Yeah. Sure. So if you look at where the cash was derived from, in my prepared remarks, I said that about $0.7 million went out in CapEx during the quarter and that we had $0.9 million positive of working -- of operation -- cash flow from operations in the period. And part of that was driven from the net -- sequentially, part of that was driven from, we had an improved adjusted operating loss of $1 million during the year -- or during the quarter. And then we've been actively managing our payables. We're going to continue to actively manage our cash, and it's important to us. We did take on some additional debt financing because you never know with the capital markets and where they can go, but we feel real good about our position right now. Does that answer your question?

Ron Josey -- JMP Securities -- Analyst

Yeah. I think, to be actively managing payables, like when are those due or how does that -- is that a cause for -- like how do you manage that, I guess? And I'll go back in the queue. Thank you.

Michael L. Zemetra -- Chief Financial Officer

Yeah. I mean, sometimes we will negotiate upfront to -- I mean, instead of paying 100% in cash, maybe portions in stock and then other times, we'll be negotiating -- we inherited a ton of payables with the Slacker acquisition and so we're constantly trying to manage those. It's just really managing the timing.

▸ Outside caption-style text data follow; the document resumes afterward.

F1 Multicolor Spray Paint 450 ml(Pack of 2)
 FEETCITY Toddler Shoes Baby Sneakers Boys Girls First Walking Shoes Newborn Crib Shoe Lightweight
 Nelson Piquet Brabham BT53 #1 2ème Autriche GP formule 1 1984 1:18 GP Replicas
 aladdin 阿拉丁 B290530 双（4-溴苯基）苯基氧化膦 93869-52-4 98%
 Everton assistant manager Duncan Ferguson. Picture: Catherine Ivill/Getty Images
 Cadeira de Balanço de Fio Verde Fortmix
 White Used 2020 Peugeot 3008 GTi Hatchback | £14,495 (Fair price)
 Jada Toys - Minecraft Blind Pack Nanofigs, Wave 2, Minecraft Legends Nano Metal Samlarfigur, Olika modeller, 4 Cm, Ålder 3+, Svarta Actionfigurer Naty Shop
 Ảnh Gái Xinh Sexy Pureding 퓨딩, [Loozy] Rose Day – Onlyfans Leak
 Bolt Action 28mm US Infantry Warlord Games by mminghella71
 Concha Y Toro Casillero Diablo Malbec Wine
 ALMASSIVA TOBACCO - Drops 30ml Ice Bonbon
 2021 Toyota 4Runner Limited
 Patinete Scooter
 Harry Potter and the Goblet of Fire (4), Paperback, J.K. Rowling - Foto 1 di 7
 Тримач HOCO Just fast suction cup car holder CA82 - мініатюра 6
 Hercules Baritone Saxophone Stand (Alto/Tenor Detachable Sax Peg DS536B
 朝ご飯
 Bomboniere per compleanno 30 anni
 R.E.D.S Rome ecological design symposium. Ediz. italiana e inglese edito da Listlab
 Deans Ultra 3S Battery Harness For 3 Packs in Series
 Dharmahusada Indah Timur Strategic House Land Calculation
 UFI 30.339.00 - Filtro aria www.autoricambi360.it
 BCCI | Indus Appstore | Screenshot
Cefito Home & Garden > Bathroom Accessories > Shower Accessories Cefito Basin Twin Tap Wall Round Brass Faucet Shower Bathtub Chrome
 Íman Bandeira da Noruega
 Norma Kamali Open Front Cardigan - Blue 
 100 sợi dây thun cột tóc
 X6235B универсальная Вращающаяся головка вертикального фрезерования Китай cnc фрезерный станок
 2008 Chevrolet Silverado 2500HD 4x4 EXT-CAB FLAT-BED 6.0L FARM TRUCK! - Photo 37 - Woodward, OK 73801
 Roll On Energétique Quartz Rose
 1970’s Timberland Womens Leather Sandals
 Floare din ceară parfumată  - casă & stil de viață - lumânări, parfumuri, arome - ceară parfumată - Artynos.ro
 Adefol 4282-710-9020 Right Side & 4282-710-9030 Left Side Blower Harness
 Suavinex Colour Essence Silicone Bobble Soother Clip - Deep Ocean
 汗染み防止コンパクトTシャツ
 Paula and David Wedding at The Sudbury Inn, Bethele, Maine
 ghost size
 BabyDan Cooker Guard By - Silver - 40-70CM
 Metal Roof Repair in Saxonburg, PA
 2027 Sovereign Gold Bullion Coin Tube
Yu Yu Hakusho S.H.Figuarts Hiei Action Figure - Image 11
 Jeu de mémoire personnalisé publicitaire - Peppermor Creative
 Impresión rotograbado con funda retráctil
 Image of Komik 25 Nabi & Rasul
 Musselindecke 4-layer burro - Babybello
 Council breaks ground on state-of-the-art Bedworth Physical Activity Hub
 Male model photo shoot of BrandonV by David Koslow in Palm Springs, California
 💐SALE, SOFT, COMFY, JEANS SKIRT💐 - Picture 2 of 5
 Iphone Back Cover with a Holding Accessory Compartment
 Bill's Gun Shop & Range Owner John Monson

Robert S. Ellin -- Chairman and Chief Executive Officer

Yeah. And Mike's being humble about it, on this, Ron. Just to be clear, the $3 million is addition to the $14.3 million. So what we've done is we've increased our increased our alignment JV stake, which as you know is convertible at $10 a share, although it's a high interest rate, 8 plus (ph), and it shows the support of our debt holders and our belief in the business. So pretty remarkably, we actually today have more cash than when we closed the IPO. At the IPO, it was only $22.5 million. So we are now currently over $17 million in cash as of today with that additional $3 million post the end of the quarter.

Ron Josey -- JMP Securities -- Analyst

That's very helpful. Thanks guys. Appreciate it.

Operator

(Operator Instructions) The next question comes from Kevin Dede with H.C. Wainwright. Please go ahead.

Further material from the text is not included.